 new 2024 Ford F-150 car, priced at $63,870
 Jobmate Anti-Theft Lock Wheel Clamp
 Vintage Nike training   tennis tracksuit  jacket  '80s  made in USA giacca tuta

...

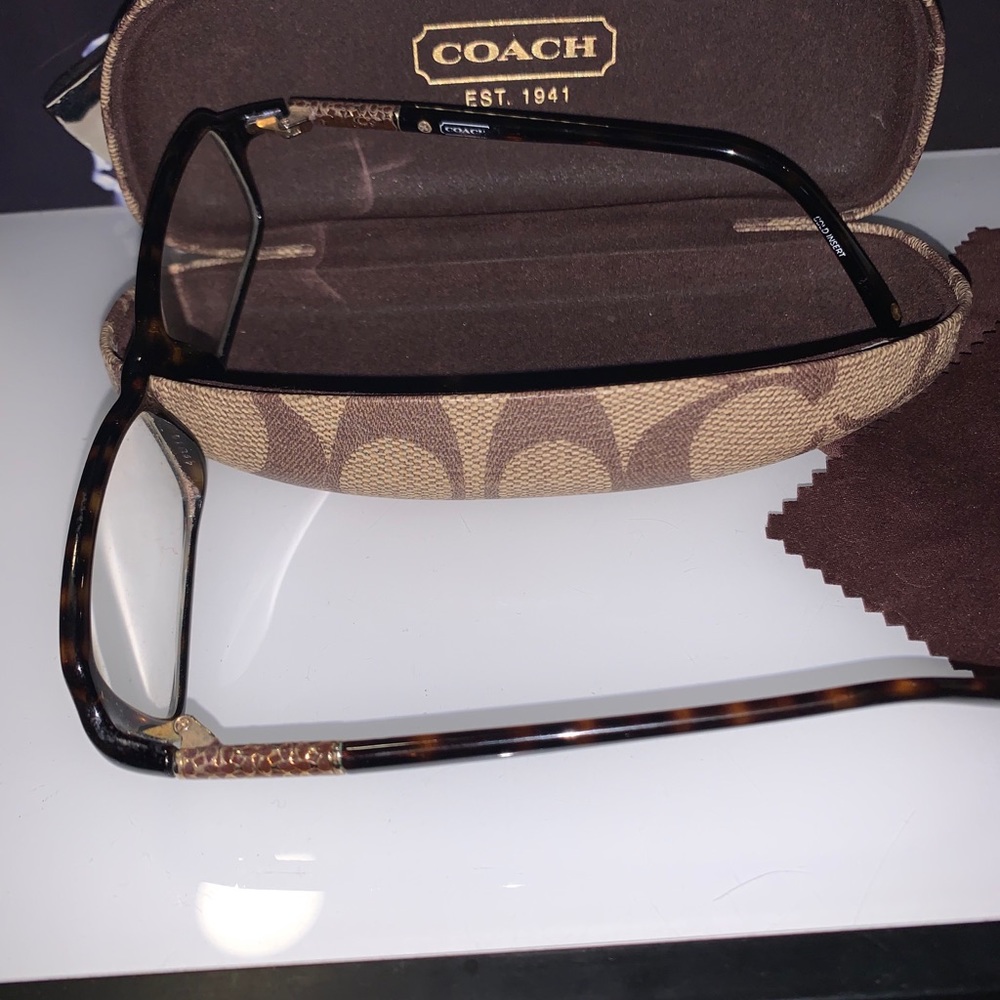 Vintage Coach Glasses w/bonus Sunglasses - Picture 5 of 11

Problem details: Using the records above, copy word for word the line with "new 2024 Ford F-150 car, priced at $63,870", the line with "Vintage Nike training", and every line between them.

Finished task:
 new 2024 Ford F-150 car, priced at $63,870
 Jobmate Anti-Theft Lock Wheel Clamp
 Vintage Nike training   tennis tracksuit  jacket  '80s  made in USA giacca tuta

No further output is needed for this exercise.